Information →
= Beginning of Section =

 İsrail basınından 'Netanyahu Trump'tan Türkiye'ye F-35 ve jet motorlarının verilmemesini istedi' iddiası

= End of Section =
= Beginning of Section =

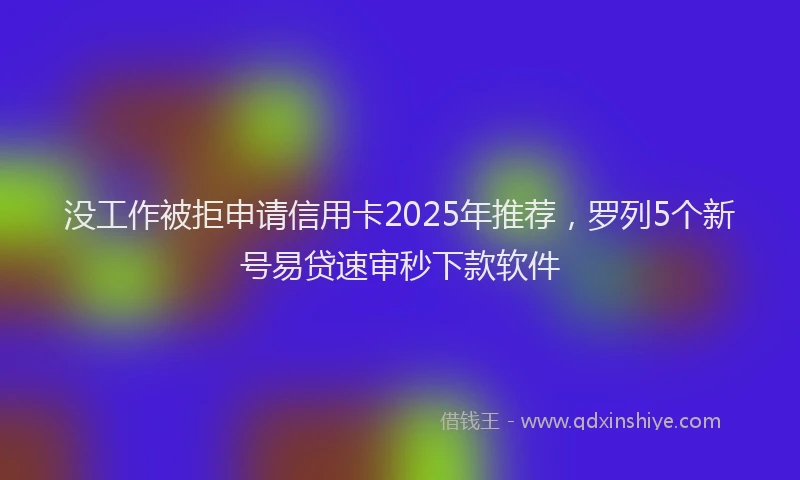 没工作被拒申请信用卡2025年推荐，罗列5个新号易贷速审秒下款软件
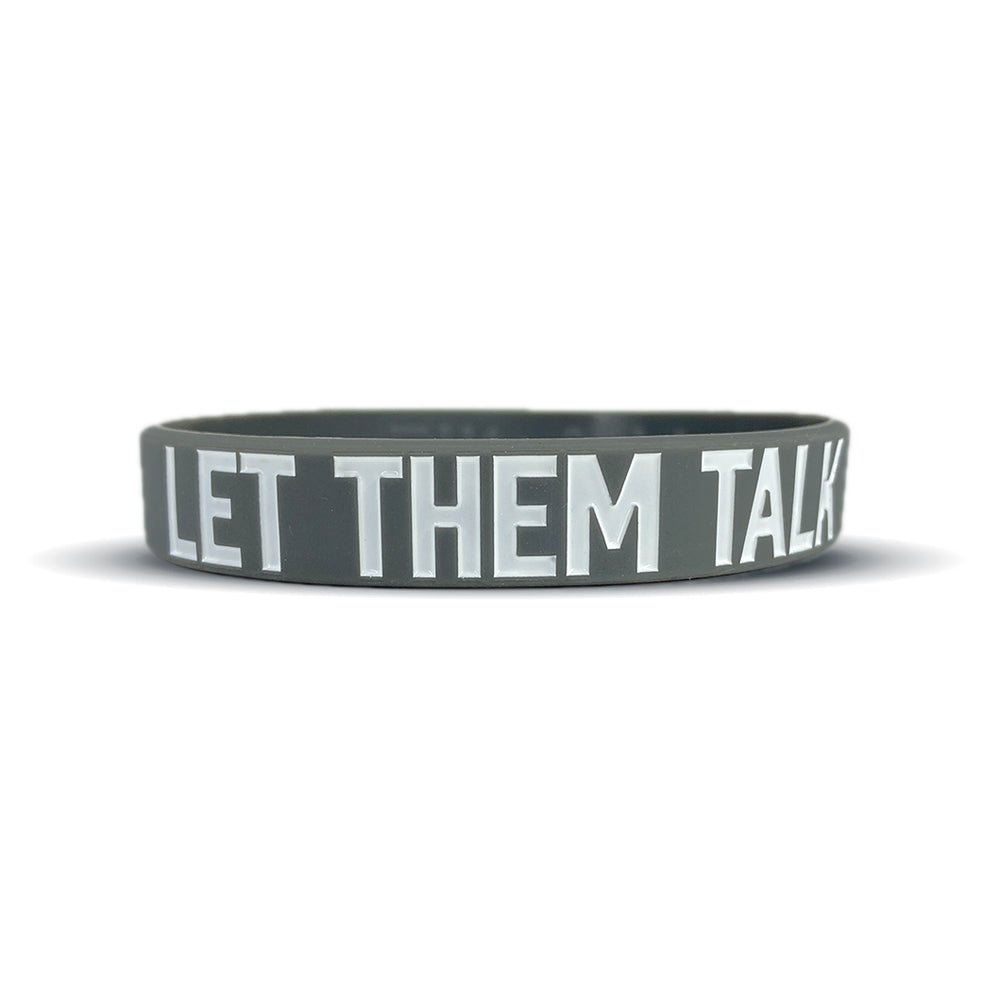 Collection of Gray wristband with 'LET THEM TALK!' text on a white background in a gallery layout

= End of Section =

To do → From the records above, copy only the lines running from the line containing "没工作被拒申请信用卡2025年推荐，罗列5个新号易贷速审秒下款软件" to the line containing "Collection of Gray", both ends included. Leave the pictures out.

Exercise result →
 没工作被拒申请信用卡2025年推荐，罗列5个新号易贷速审秒下款软件
 Collection of Gray wristband with 'LET THEM TALK!' text on a white background in a gallery layout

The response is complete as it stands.